En mars 2011, le président de la STQ, Georges Farrah, indiquait que le premier traversier serait livré à l'automne 2013 et le second, six mois plus tard. Un an plus tard, devant les retards qui s'accumulaient dans l'opération de relance du chantier maritime de Lévis, la STQ refaisait ses devoirs. Dans la mesure où les travaux allaient débuter cet été, la prise de possession du premier bateau devrait se faire à la fin du mois de mars 2014, et celui du deuxième, à la fin du mois de juillet de la même année.
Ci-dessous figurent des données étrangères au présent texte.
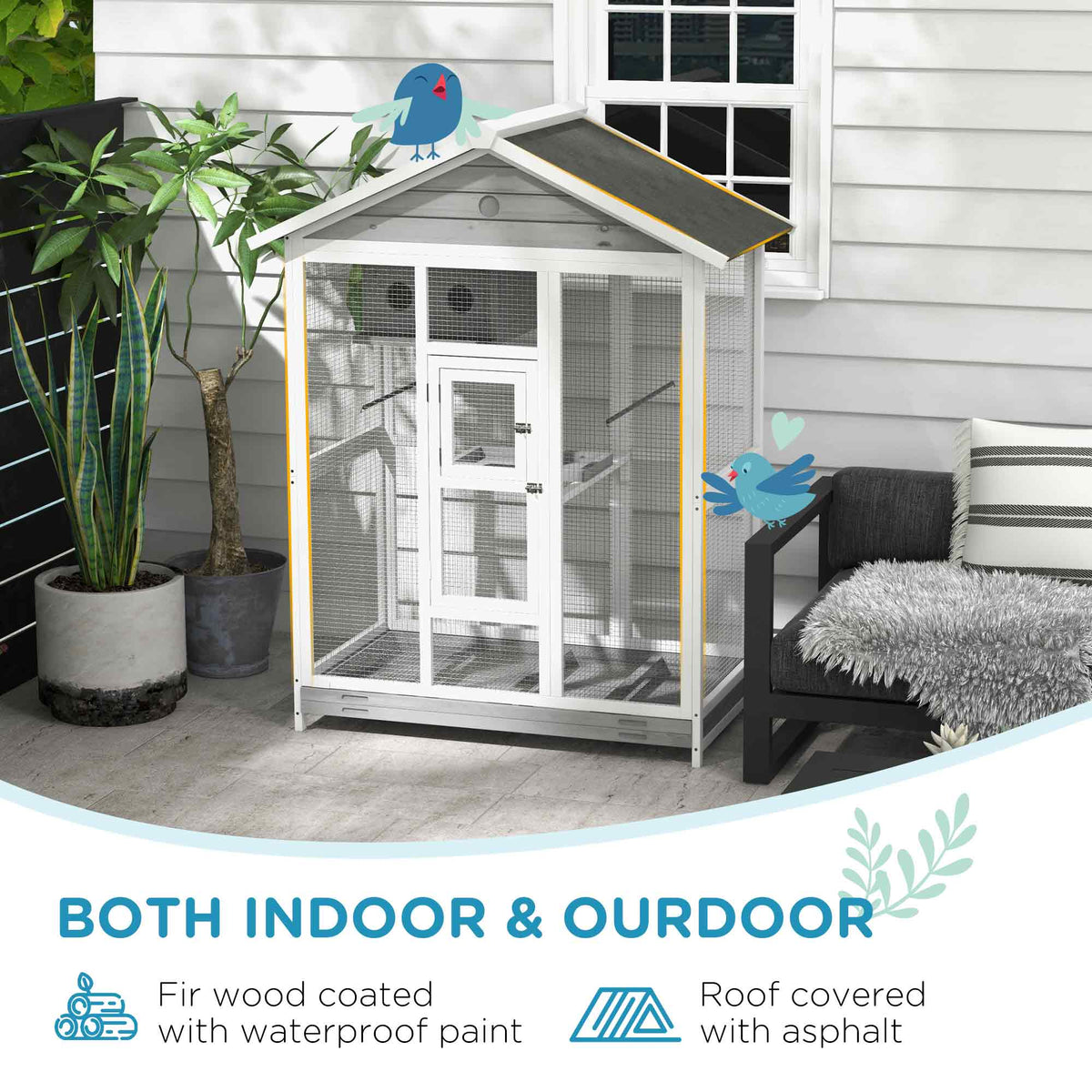64.5" Wooden Bird Cage Aviary, Flight Cage with 4 Perches, Nest and Slide-Out Tray for Indoor/Outdoor, Gray - Gray - Image 7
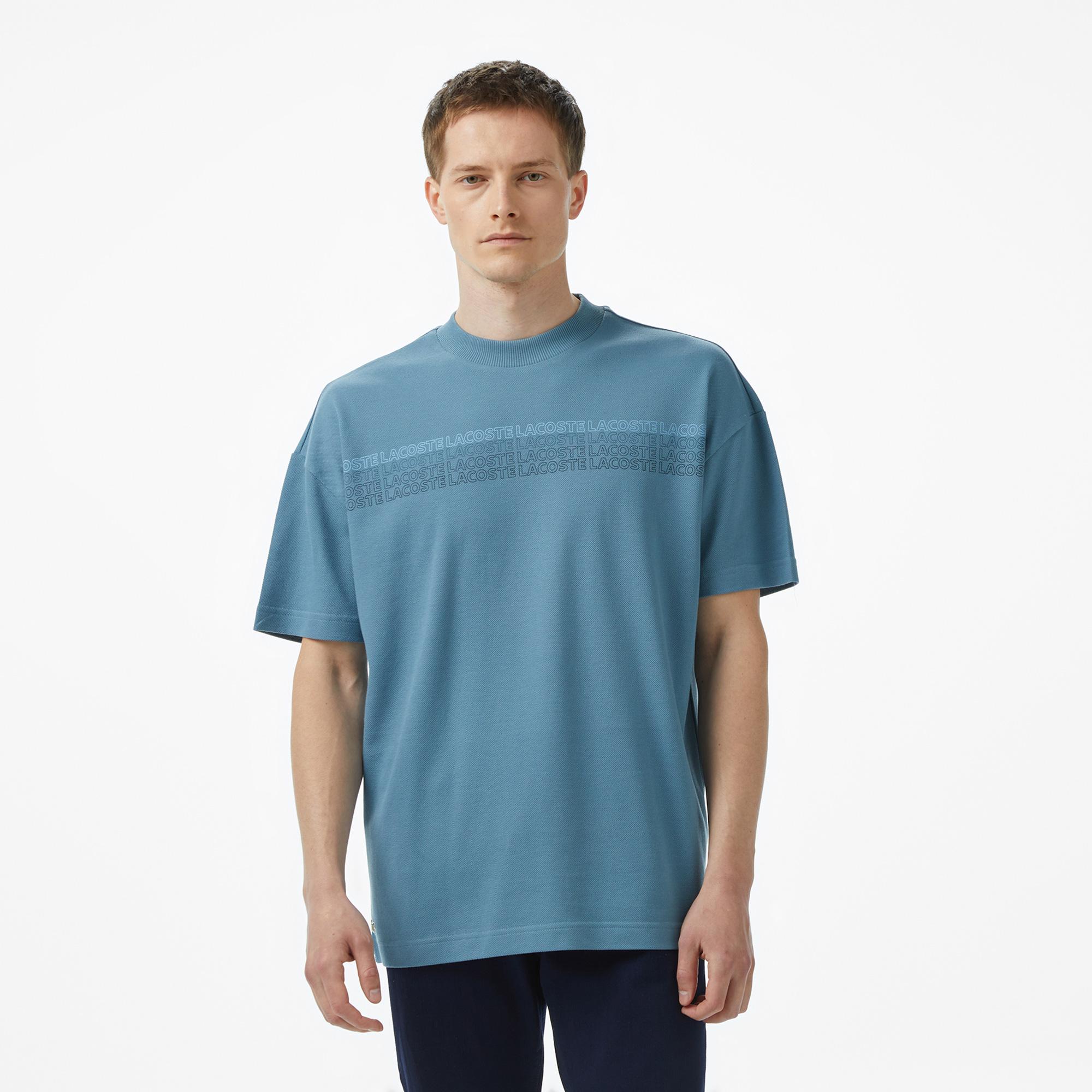 Lacoste Erkek Oversize Fit Bisiklet Yaka Baskılı Mavi T-Shirt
C'était avant qu'Upper Lakes et son partenaire d'affaires, SNC-Lavalin, ne décident de lever l'ancre.
Pour le moment, la STQ garde le cap, assure sa directrice des communications et du marketing, Maryse Brodeur. «Nous n'avons pas d'indication, pour l'instant, que la démarche initiée par le propriétaire de Davie Canada allait décaler de façon significative notre calendrier.»
Pour finir par savoir, une fois pour toutes, sur quel pied danser, la STQ dit, par la voix de sa porte-parole, que «ça va dépendre à quelle vitesse la situation va se régulariser - si elle est régularisée - et dans quelle mesure le chantier pourra reprendre ou non rapidement ses activités».
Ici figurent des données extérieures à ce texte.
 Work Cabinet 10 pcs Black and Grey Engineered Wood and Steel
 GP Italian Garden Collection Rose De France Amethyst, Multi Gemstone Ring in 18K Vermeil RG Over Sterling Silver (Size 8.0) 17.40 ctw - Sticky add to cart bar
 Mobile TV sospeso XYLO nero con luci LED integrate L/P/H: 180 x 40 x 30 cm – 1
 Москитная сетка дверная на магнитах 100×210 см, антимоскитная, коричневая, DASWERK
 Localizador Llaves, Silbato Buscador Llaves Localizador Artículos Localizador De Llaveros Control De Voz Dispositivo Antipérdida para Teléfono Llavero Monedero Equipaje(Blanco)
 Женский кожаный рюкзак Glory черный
Mme Brodeur a indiqué au Soleil que le remplacement du Armand-Imbeau et du Jos-Deschênes à la traverse de Tadoussac-Baie-Sainte-Catherine ne constituait pas une urgence nationale et que les deux navires étaient encore «en très bon état». C'était «dans l'optique d'une saine gestion d'une flotte qui est vieillissante» que la STQ avait décidé, il y a deux ans, que le moment était venu de remplacer les deux bateaux passeurs - qui devraient éventuellement amorcer une nouvelle vie du côté de la traverse Sorel-Tracy-Saint-Ignace-de-Loyola - par des bâtiments de 3500 tonnes chacun.
Questionnée à savoir si la STQ, dans les circonstances, ne pourrait pas être tentée d'aller faire construire ses navires ailleurs qu'à Lévis, Maryse Brodeur a rappelé qu'un décret gouvernemental, adopté le 18 mai 2011, ordonnait que la construction des deux navires se fasse au chantier Davie. Évoquant des «circonstances exceptionnelles», le gouvernement avait exempté la STQ de recourir à la procédure d'appel d'offres pour la construction des deux navires et avait accordé de gré à gré le contrat de 150 millions $ au consortium formé par Fincantieri et Drs Canada, qui négociait, à l'époque, l'achat du chantier. Tout ça afin de positionner Davie en vue de l'obtention des contrats de construction navale de 35 milliards$ du fédéral.
«En vertu de ce décret, nous sommes autorisés à négocier avec l'acquéreur éventuel des actifs du chantier. S'il n'y a pas d'acquéreur, nous pourrions alors aller en appel d'offres», a souligné Mme Brodeur.
Au cabinet du ministre délégué aux Transports, Norman MacMillan, l'attachée de presse a indiqué au Soleil qu'il n'était pas question de mettre à la poubelle le décret de mai 2011 et de permettre à la STQ de lancer un appel d'offres public pour faire construire les deux navires.
«Pour l'instant, en ce qui nous concerne, les bateaux seront construits à la Davie», a affirmé Véronique Normandin, en rappelant que le ministère du Développement économique, de l'Innovation et de l'Exportation (MDEIE) était étroitement associé aux démarches en cours pour trouver un repreneur.
«Nous allons attendre que le MDEIE complète ses démarches avec les investisseurs potentiels et nous aviserons pour la suite des choses.»